I was discussing with some friends the contents of the post below, which was posted in Bytes in November 2012. I was encouraged by them to post it again, so for those who have not seen it before, and those who have seen it but don't recall it (those like us, getting older), here it is . . .
On 29 October 1880, Ned Kelly engaged in spirited exchanges with the presiding judge at his murder trial, Mr Justice Redmond Barry.
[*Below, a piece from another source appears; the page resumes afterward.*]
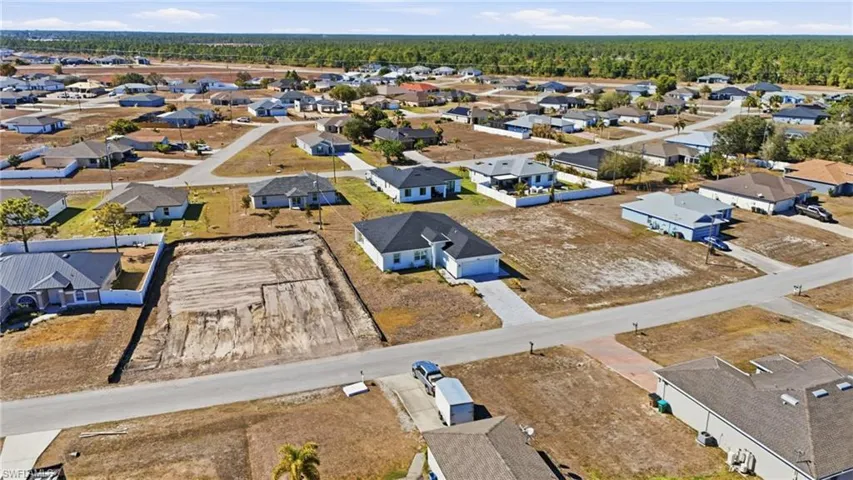 Aerial view of property's location featuring nearby suburban area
That exchange, in the Supreme Court of Victoria, Melbourne, has been the subject of a previous Bytes and can be read at:
Some 142 years later, in the Supreme Court of Queensland, Brisbane, one David Allan Baker engaged Mr Justice Martin Daubney in repartee which was also spirited but left a lot to be desired as far as courtesy was concerned.
I am indebted to Byter Leo for putting me onto it in an email.
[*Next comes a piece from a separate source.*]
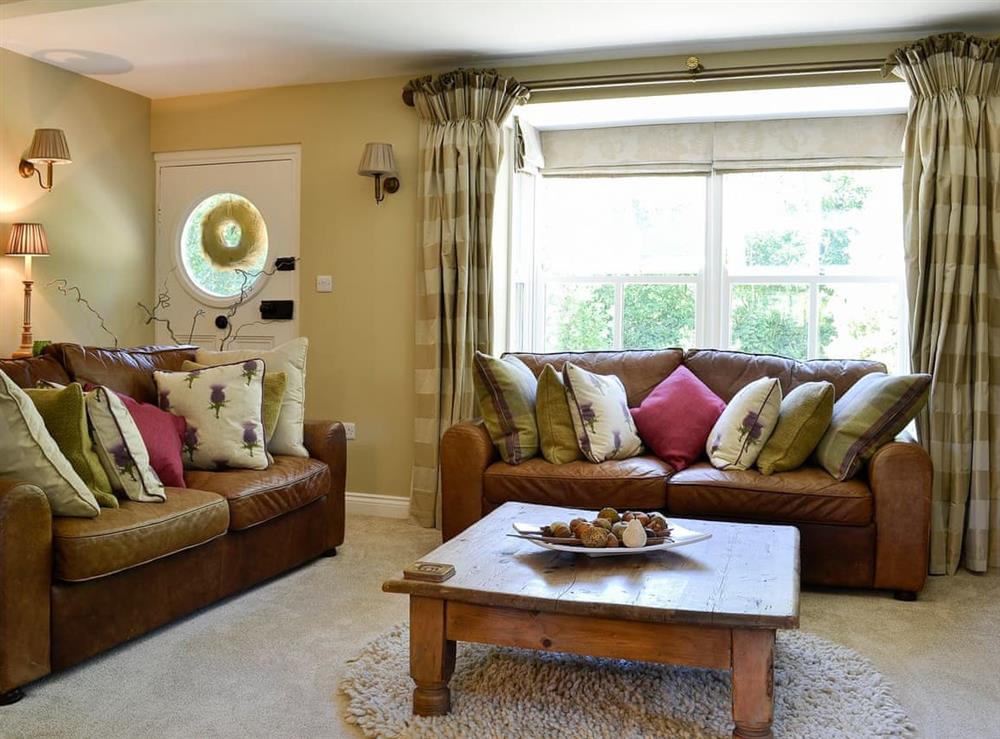 Comfortable and warm living room with wood burner at Graydon Cottage,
After receiving it I looked into the background and circumstances of Mr Baker’s colourful discussion with Judge Daubney and found that the transcript was entirely accurate.
Mr Justice Daubney
After receiving it I looked into the background and circumstances of Mr Baker’s colourful discussion with Judge Daubney and found that the transcript was entirely accurate.
Background to the case:
Baker, 50, had been charged with attempted murder after stabbing his former girlfriend Margaret Revesz, 42, in the heart with a knife on 2 November 2009 at her Bray Park home, 25 kilometres north of Brisbane. On 22 June 2012 he was convicted and sentenced to 15 years imprisonment. The jury was told that Baker, after allegedly stabbing Ms Revesz in the heart twice, told her: "Margie, what have I done? Will you wait for me? I'm going to jail for a long time.''
Upon being convicted and sentenced, a section of transcript was released that had not previously been reported on or published in that it could have been prejudicial to his trial if a juror had read it.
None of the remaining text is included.